'34 yıldır içimiz yanıyor!'
Evren ve Şahinkaya’nın yargılandığı davada olay çıktı, avukatlar ve izleyiciler ‘adalet istiyoruz, darbeciler halka hesap verecek’ sloganlarıyla salonu terk etti.
Alican Uludağ / Cumhuriyet
Darbeci generaller Kenan Evren ve Tahsin Şahinkaya hakkında açılan 12 Eylül davasının 21. duruşması olaylı bitti. Sanıkların diğer ülkelerde olduğu gibi kafes içinde duruşmaya getirilmesi talebini reddeden mahkeme, savcıdan görüş sorunca tartışma yaşandı. Avukatlar, bunun için süre isteyen savcıdan görüş isteme aşamasının geride kaldığını, artık son savunmanın alırıp kararın verilmesini istedi. Mahkeme Başkanı da Evren’e duruşmayı erteleyeceğini, savcının görüşüne karşı ne diyeceğini sorması üzerine avukatlar salonu etme etti. Salonda bulunan başta Cumartesi Anneleri olmak üzere tüm izleyiciler, “Adalet, adalet, adalet”, “Gün gelecek, devran dönecek, darbeciler halka hesap verecek” diye haykırarak, salondan ayrıldı. Mahkeme, duruşmayı karar için 18 Haziran’a erteledi.
Özel yetkili mahkemeleri kaldıran düzenlemenin ardından Ankara 10. Ağır Ceza Mahkemesi’ne devredilen 12 Eylül davasının görülmesine devam edildi. Sanıklar Evren ve Şahinkaya’nın tedavi gördükleri hastanelerden telekonferans yoluyla bağlandığı duruşmayı Cumartesi Anneleri de izledi. Anneler, duruşma başında 12 Eylül döneminde kaybedilen, öldürülen veya idam edilen isimlerin resimlerini ellerinde tutarak sanıklara gösterdi. Mahkeme Başkanı Oktay Saday, bu ana ilişkin flaş patlatılmaması şartıyla ailelerin görüntü almasına izin verdi.

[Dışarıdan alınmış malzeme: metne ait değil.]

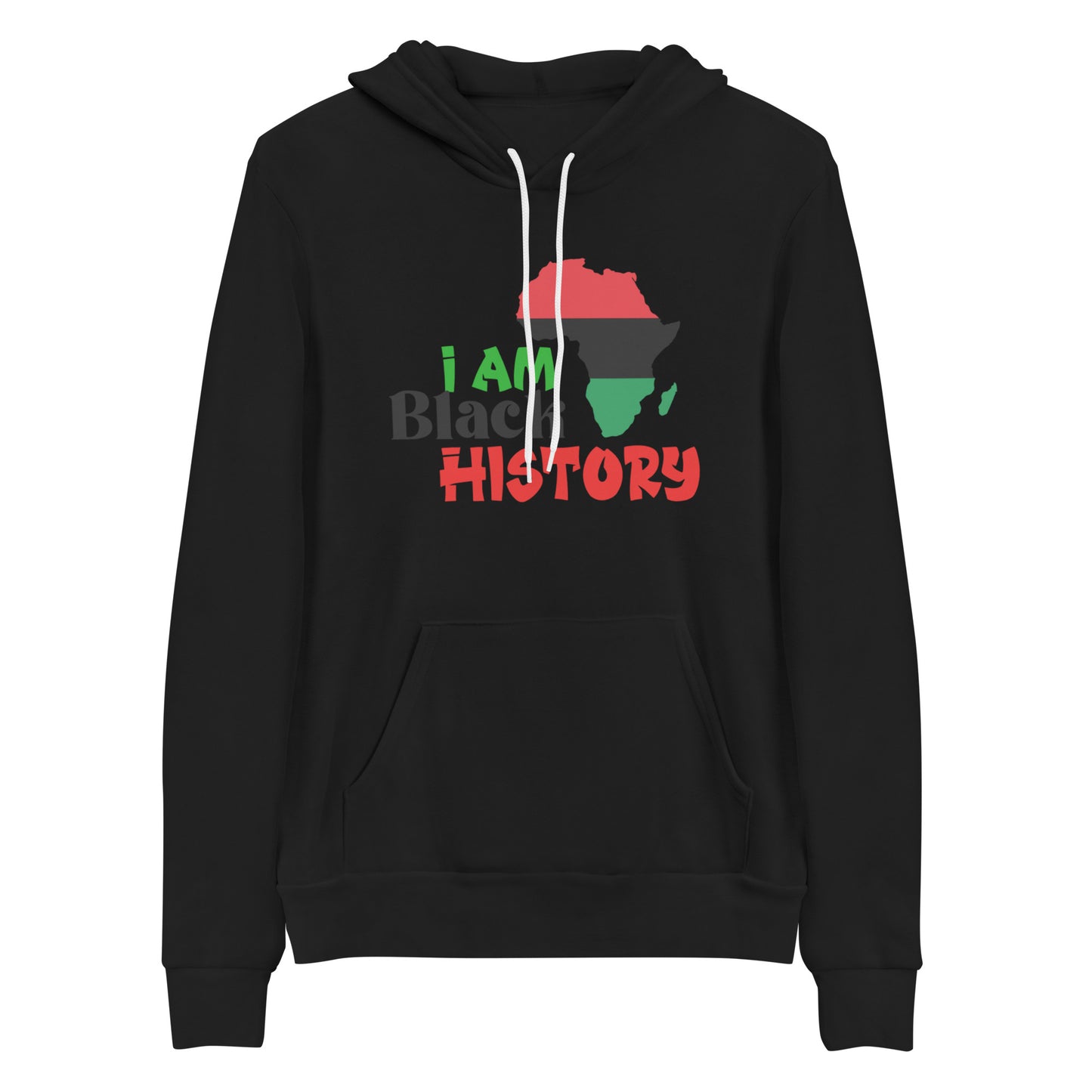 Unisex hoodie - I Am Black History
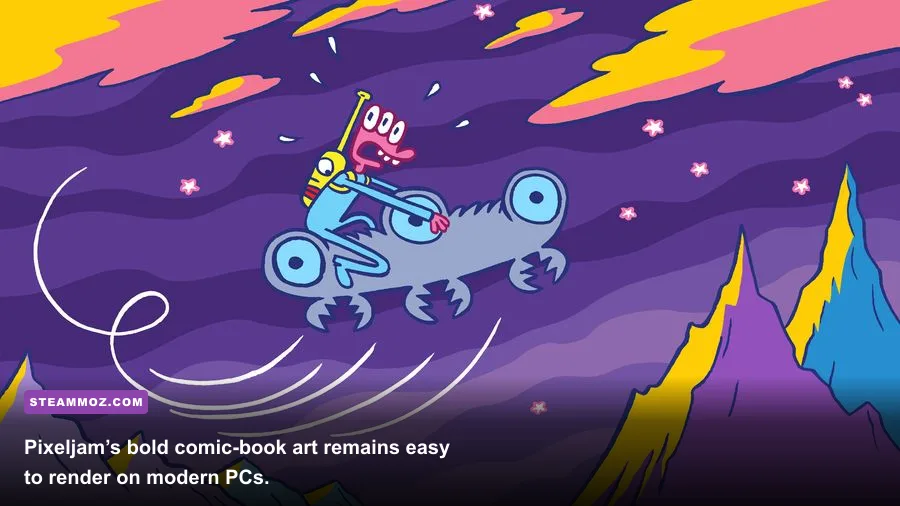 Glorkian Warrior The Trials of Glork hand drawn Pixeljam art style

Savcının görüşü tartışma çıkardı
Başkan Oktay Saday, Ankara 12. Ağır Ceza Mahkemesi tarafından devredilen 12 Eylül davası dosyasının bulunduğu aşamayı anlatırken, savcının esas hakkındaki mütaalasını sunduğunu, buna karşı sanıkların savunmalarının alınması ve son sözlerinin sorulması aşamasında dosyanın kendi mahkemelerine devredildiğine dikkat çekti. Saday, bu sırada cumhuriyet savcısı Bilal Gündüz’e yargılamaya ilişkin görüşünü sordu. Asıl duruşma savcısının üç günlük mazeret izni aldığını söyleyen savcı Gündüz, dosyanın kapsamı nedeniyle inceleme ve görüş açıklamak için kendisine süre verilmesini istedi. Mahkemenin savcıdan görüşünü sorması salonda usul tartışmasına neden oldu. Müşteki avukatları, özel yetkili mahkemeleri kaldıran yasanın, devredilen dosyaların kaldığı yerden devam edeceğini düzenlediğini, dolayısıyla tekrar savcıya görüşünü sormaya gerek olmadığını bildirdi. Avukatlar, sanıkların son savunmasının alınmasını ve bir karar verilmesini istedi.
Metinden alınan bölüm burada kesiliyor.